Question

In: Finance

Daryll Enterprises forecasts the free cash flows (in millions) shown below. The weighted average cost of...

Daryll Enterprises forecasts the free cash flows (in millions) shown below. The weighted average cost of capital is 14.0%, and the FCFs are expected to continue growing at a 5.5% rate after Year 4. The company’s balance sheet shows $20 million of notes payable, $100 million of long-term debt, $60 million of preferred stock,$23 million of retained earnings, and $100 million of total common equity.

a. If the company has 15 million shares of stock outstanding, what is the best estimate of its price per share?

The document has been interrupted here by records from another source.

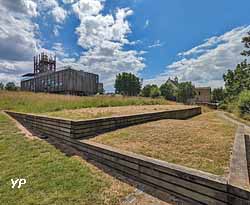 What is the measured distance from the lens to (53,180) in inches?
107

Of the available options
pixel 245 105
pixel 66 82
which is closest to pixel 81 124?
pixel 245 105

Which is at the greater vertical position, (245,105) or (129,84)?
(129,84)

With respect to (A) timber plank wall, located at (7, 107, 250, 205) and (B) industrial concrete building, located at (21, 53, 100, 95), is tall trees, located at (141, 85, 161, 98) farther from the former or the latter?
(A) timber plank wall, located at (7, 107, 250, 205)

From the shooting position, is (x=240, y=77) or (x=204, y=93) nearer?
(x=240, y=77)

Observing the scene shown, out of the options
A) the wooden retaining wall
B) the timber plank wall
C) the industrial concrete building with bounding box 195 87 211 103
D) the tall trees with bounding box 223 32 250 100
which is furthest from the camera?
the industrial concrete building with bounding box 195 87 211 103

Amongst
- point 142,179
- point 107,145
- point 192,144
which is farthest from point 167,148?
point 107,145

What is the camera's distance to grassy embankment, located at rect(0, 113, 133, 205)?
2.28 metres

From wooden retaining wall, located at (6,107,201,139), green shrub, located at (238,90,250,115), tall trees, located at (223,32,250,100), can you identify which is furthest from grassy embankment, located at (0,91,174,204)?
tall trees, located at (223,32,250,100)

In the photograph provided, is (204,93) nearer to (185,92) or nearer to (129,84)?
(185,92)

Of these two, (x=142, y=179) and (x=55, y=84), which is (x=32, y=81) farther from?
(x=142, y=179)

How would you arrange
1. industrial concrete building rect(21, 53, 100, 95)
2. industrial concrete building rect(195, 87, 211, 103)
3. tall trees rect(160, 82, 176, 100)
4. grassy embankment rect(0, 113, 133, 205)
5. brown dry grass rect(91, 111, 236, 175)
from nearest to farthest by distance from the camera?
grassy embankment rect(0, 113, 133, 205), brown dry grass rect(91, 111, 236, 175), industrial concrete building rect(21, 53, 100, 95), tall trees rect(160, 82, 176, 100), industrial concrete building rect(195, 87, 211, 103)

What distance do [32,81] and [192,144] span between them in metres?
38.9

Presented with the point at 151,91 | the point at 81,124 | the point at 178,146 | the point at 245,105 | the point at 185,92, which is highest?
the point at 151,91

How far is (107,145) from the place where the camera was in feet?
11.6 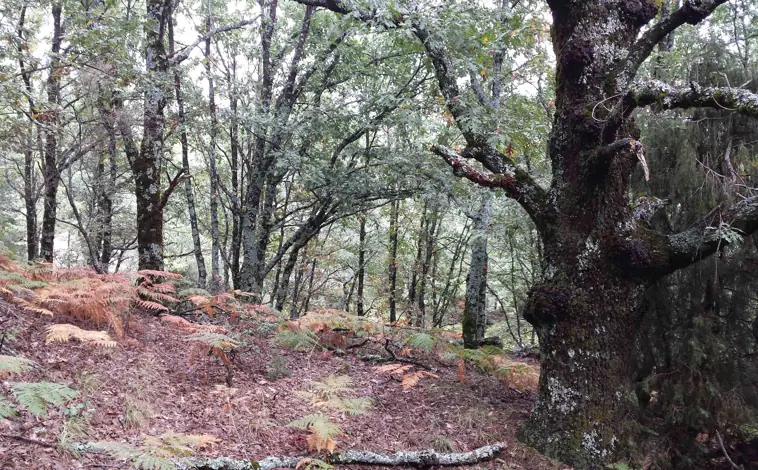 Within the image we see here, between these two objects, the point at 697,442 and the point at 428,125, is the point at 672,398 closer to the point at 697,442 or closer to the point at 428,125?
the point at 697,442

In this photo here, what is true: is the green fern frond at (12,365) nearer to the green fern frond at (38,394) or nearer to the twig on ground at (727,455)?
the green fern frond at (38,394)

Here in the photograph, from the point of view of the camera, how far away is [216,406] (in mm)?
4430

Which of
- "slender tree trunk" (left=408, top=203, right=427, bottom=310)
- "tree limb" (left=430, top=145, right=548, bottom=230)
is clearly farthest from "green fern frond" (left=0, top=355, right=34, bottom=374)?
"slender tree trunk" (left=408, top=203, right=427, bottom=310)

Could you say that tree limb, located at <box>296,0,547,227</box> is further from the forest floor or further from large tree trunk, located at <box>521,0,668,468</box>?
the forest floor

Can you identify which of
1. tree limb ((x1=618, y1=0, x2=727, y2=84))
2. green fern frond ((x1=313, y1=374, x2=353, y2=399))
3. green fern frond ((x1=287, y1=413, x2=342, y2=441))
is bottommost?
green fern frond ((x1=287, y1=413, x2=342, y2=441))

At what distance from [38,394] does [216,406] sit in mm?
1820

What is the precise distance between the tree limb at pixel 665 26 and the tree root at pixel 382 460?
3.94 m

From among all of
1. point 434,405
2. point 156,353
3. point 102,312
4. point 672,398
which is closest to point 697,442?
point 672,398

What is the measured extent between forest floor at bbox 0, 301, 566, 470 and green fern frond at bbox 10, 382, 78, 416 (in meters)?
0.42

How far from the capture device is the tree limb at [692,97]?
11.5 ft

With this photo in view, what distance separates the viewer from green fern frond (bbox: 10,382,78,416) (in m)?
2.69

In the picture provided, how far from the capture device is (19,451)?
293 centimetres

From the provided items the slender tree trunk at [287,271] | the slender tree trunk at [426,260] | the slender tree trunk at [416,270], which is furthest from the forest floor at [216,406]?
the slender tree trunk at [416,270]

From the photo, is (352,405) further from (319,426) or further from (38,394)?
(38,394) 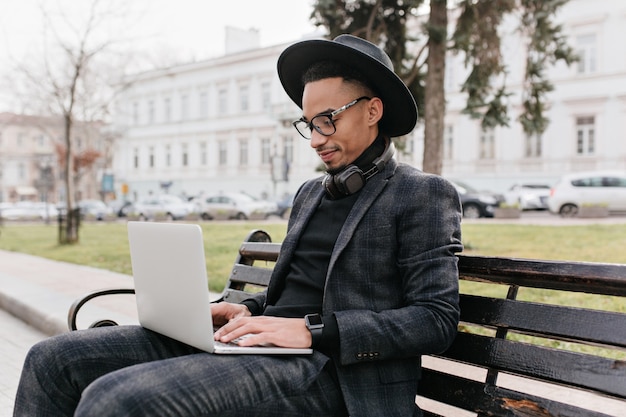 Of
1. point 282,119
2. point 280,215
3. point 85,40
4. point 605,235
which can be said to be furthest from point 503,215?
point 282,119

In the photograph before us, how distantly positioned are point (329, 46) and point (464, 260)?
0.88 meters

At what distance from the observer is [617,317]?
1.70 metres

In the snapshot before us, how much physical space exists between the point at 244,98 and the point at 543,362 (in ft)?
153

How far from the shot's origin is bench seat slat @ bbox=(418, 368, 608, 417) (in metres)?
1.75

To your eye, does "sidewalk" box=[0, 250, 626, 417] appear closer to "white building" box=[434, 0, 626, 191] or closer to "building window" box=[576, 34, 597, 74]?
"white building" box=[434, 0, 626, 191]

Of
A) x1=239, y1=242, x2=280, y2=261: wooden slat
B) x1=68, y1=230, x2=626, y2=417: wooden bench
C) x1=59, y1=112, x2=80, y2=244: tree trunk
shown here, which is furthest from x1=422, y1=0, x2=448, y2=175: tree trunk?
x1=59, y1=112, x2=80, y2=244: tree trunk

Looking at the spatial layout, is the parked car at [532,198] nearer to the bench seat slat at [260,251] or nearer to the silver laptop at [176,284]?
the bench seat slat at [260,251]

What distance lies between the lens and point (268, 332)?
1.85 m

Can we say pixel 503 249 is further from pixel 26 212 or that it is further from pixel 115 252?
pixel 26 212

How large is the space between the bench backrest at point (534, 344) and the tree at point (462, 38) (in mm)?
6759

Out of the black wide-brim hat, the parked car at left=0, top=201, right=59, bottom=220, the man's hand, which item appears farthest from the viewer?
the parked car at left=0, top=201, right=59, bottom=220

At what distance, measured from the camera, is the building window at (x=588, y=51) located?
30.8 meters

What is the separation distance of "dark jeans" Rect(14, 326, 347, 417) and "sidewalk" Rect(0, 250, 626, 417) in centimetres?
193

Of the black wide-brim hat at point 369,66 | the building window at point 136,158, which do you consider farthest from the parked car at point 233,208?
the black wide-brim hat at point 369,66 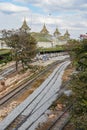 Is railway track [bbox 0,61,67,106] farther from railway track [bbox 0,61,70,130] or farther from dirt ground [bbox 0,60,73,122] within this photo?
railway track [bbox 0,61,70,130]

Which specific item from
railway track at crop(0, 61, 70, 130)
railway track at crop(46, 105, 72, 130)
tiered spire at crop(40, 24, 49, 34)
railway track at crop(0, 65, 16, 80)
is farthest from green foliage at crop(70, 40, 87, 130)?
tiered spire at crop(40, 24, 49, 34)

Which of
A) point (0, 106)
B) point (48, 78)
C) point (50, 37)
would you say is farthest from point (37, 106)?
point (50, 37)

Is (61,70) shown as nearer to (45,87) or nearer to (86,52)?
(45,87)

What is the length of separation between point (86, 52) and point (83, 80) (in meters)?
3.26

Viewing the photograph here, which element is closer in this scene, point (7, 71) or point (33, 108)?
point (33, 108)

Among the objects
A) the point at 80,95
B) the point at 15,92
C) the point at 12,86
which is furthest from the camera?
the point at 12,86

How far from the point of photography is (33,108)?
39094 mm

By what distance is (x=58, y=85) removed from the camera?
176ft

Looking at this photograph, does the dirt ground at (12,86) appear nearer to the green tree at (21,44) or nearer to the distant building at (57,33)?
the green tree at (21,44)

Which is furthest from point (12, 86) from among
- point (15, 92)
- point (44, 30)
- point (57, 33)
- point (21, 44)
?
point (57, 33)

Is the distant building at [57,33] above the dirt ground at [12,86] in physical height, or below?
above

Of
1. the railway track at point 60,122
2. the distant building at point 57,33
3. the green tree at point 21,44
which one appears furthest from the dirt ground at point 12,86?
the distant building at point 57,33

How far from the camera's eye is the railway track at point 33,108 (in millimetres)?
33125

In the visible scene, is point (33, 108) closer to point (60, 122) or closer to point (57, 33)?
point (60, 122) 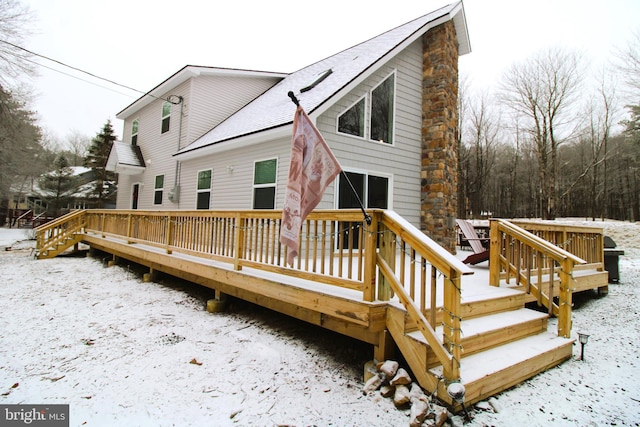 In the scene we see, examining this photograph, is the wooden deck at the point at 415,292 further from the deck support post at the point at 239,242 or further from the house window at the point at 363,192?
the house window at the point at 363,192

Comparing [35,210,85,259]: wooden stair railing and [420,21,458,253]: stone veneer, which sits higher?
[420,21,458,253]: stone veneer

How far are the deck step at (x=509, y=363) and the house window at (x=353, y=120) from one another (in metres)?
4.98

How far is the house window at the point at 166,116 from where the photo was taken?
40.4 ft

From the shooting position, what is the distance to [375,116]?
7.59 metres

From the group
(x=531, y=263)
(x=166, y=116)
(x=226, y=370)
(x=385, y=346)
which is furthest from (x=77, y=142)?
(x=531, y=263)

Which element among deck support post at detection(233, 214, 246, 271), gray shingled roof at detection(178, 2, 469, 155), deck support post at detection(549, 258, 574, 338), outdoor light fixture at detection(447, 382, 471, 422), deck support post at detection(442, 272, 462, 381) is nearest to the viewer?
outdoor light fixture at detection(447, 382, 471, 422)

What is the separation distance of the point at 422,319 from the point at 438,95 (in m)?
7.07

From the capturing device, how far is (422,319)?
2662mm

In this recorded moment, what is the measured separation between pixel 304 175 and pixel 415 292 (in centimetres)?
202

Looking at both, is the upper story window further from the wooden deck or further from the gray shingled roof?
the wooden deck

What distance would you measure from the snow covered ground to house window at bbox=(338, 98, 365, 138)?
4119mm

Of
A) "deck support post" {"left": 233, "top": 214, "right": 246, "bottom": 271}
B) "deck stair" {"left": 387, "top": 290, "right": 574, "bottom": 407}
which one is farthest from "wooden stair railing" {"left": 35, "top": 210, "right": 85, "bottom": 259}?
"deck stair" {"left": 387, "top": 290, "right": 574, "bottom": 407}

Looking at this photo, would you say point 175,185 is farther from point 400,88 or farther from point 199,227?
point 400,88

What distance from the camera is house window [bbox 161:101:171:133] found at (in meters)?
12.3
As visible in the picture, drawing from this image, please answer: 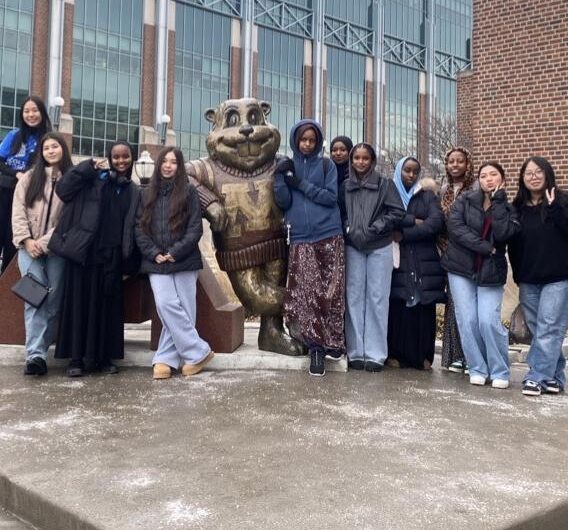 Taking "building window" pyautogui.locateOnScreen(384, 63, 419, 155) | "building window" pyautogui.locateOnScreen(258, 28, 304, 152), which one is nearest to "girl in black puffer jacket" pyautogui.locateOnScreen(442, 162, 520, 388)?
"building window" pyautogui.locateOnScreen(258, 28, 304, 152)

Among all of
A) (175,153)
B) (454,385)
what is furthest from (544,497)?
(175,153)

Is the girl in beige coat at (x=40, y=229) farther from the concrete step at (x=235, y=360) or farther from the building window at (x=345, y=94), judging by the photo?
the building window at (x=345, y=94)

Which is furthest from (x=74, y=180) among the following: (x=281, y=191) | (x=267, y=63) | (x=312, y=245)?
(x=267, y=63)

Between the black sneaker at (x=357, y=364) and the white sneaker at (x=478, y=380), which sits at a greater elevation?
the black sneaker at (x=357, y=364)

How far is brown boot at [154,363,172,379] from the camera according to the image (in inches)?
177

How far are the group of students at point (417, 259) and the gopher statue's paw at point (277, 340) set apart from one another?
121 millimetres

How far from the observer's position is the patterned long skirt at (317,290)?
4715mm

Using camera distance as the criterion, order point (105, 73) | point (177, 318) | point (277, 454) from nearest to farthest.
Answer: point (277, 454)
point (177, 318)
point (105, 73)

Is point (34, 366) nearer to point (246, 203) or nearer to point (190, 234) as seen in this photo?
point (190, 234)

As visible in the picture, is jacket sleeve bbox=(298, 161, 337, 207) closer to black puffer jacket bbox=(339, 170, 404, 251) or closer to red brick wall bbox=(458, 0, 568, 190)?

b. Based on the answer from (a), if the market price of the stock is observed to be $21 per share, should you long or short the stock?
Year 1 2 3 4
FCF $15 $25 $35 $45

a. Stock price= 233.356448/15=15.5571

b. We should short the stock.

Please solve and explain what formulas where used at each step! Thank you in advance!

Solutions

Expert Solution

Answer a:

Given:

FCF1 = $15 million

FCF2 = $25 million

FCF3 = $35 million

FCF4 = $45 million

FCFs are expected to continue growing at a 5.5% rate after Year 4.

Hence:

FCF5 = $45 * (1 + 5.5%) = $47.475 million

Terminal value at the end year 4 = FCF5 / (Cost of capital - Constant growth rate)

= 47.475 / (14% - 5.5%)

= 558.529412 million

Enterprise value at time 0 = 15 / (1 + 14%) + 25/ (1+14%)^2 + 35 / (1 + 14%) ^3 + (45 + 558.529412) / (1 + 14%)^4

= 413.356448 million

Market value of common share = Enterprise value - Notes Payable - Long term debt - Preference equity

= 413.356448 - 20 - 100 - 60

= 233. 356448 million

Best estimate of share Price = Market value of common share / Number of common shares outstanding

= 233.356448 / 15

= $15.5571

Best estimate of share Price = $15.5571

Answer b:

Given:

Market price of stock = $21

We calculated above, intrinsic value of share = $15.56

As such the stock is overvalued and you should short the share.